• _What the exercise asks_
Take the material below and extract the lines from the one with "Ariadna Ruiz online" through the one with "3rd image of 2902 Seikel Dr NE", word for word, without pictures.

• _Data supplied_

+===+

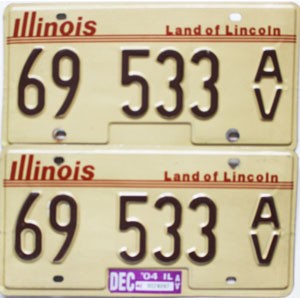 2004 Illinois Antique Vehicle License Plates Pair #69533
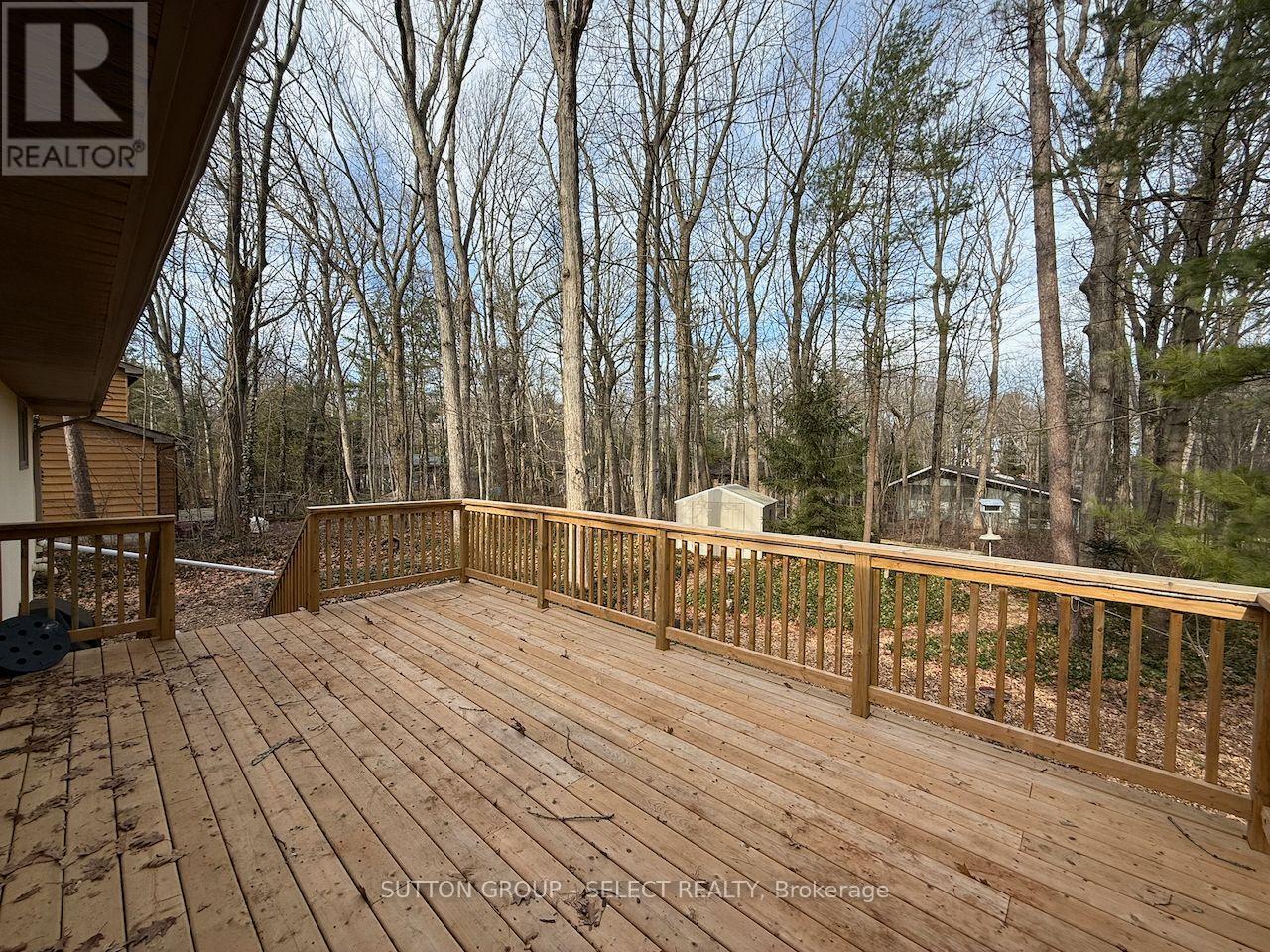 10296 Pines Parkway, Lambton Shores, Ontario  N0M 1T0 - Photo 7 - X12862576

+===+

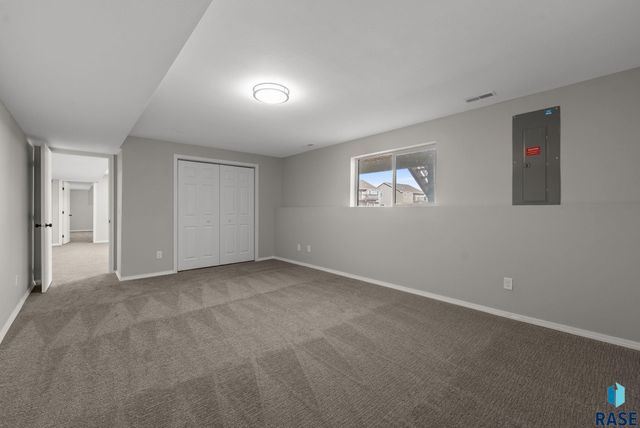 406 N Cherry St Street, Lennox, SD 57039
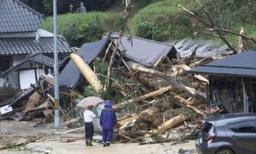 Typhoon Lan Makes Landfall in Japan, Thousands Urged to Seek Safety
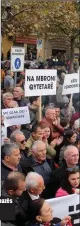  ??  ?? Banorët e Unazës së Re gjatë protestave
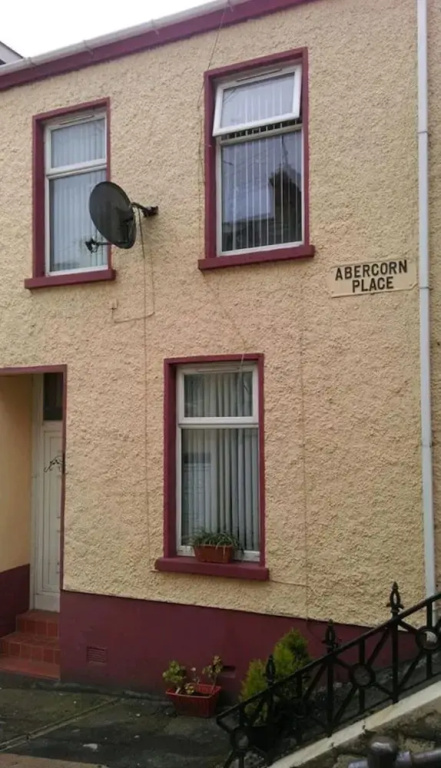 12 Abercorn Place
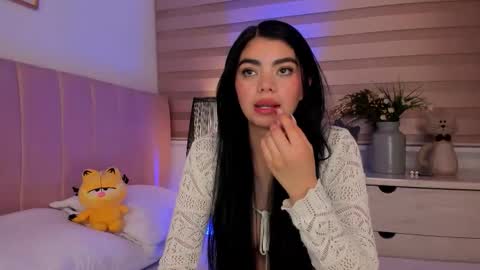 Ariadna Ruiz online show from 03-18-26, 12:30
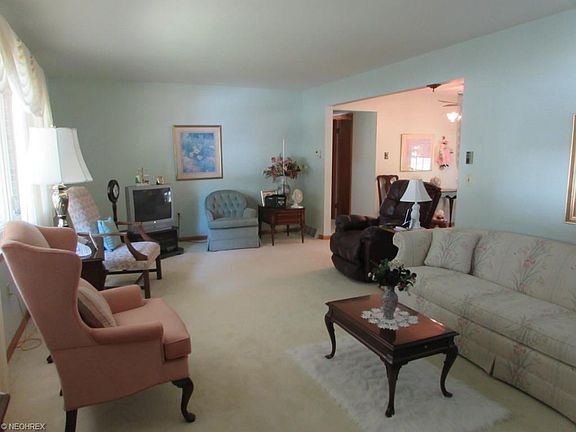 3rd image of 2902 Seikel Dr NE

+===+

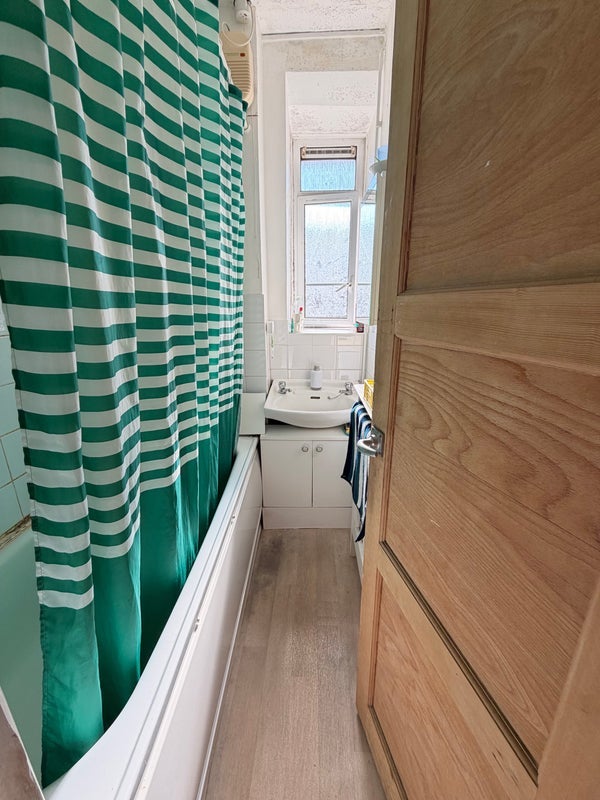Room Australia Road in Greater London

+===+

• _Solution for this problem_
 Ariadna Ruiz online show from 03-18-26, 12:30
 3rd image of 2902 Seikel Dr NE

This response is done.